母屋の前ではいつも通り、中に入ろうと控えている猫たちが待っている。何とか足でブロックしながら扉をすり抜けて中に入ることに成功した。そして三日間お世話になったステファニーに最後の朝ご飯を作ってもらった。そして起きたばかりでいつも以上にもしゃもしゃ頭のサムエルに「グッドモーニング」と挨拶をした。
その日の朝食もやっぱりフルーツ、ヨーグルト、クレープとコーヒーをお願いした。肌寒い高原の朝の空気の中で、チアパス産のコーヒーから立つ湯気が鼻先を心地よくかすめた。
最後に滞在中追加で頼んだワインや、山への乗馬ツアーの追加精算も済ませた。ステファニーはサムエルに馬術セッションの代金を確認して、もう支払いそびれいているお金はないことがわかった。僕はどの旅先でも念のため領収書をもらう癖がついている。

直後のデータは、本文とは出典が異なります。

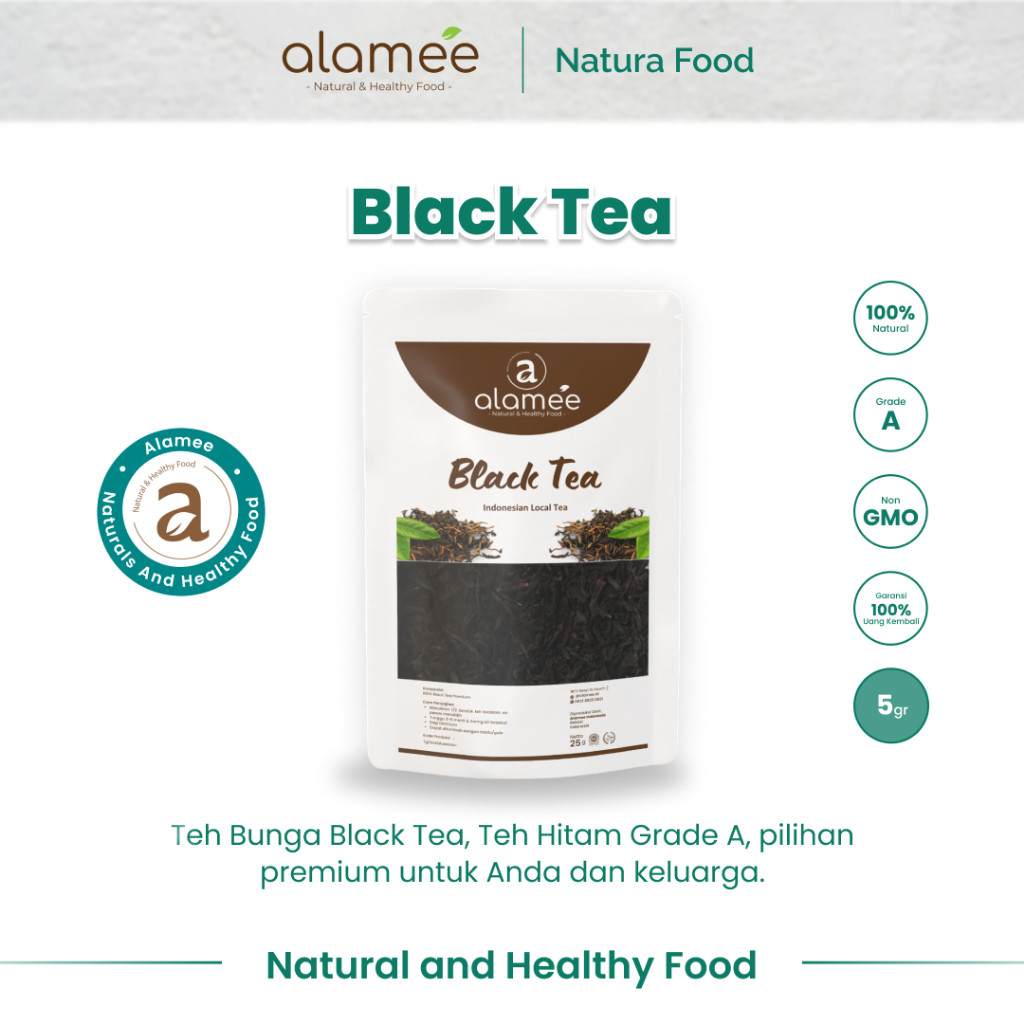 

ALAMEE Black Tea Organic Teh Hitam Kering Dried 5 gr Premium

でもエバーグリーン牧場には、経理システムから発行されるような統一書式の領収書なんてない。だから、ステファニーが白いコピー用紙に直筆で滞在費用を書きとめて、一番下にサインをしてくれた。
サンクリストバル・デ・ラスカサス
エバーグリーン牧場
2018年12月25日
宿泊、食事、馬術アクティビティ代金 3780ペソ
マネージャー ステファニー・ドアレゴン
「これでいいかしら。『マネージャー』のステファニーって書いておいたからね」
別に役職も何もないんだけれど、と照れくさそうに笑った。おかしくて僕も大笑いした。
「ただマネージャーという言葉が好きで、書いてみたいだけなのよ」
僕のように領収書をくれなんていう旅行者は、エバーグリーン牧場
には来ないようだ。
そしてこの三泊四日の滞在費合計金額は日本円でだいたい二万二千円だった。これが安いか高いかは、初体験だらけだった僕には、もはやどうでもよかった。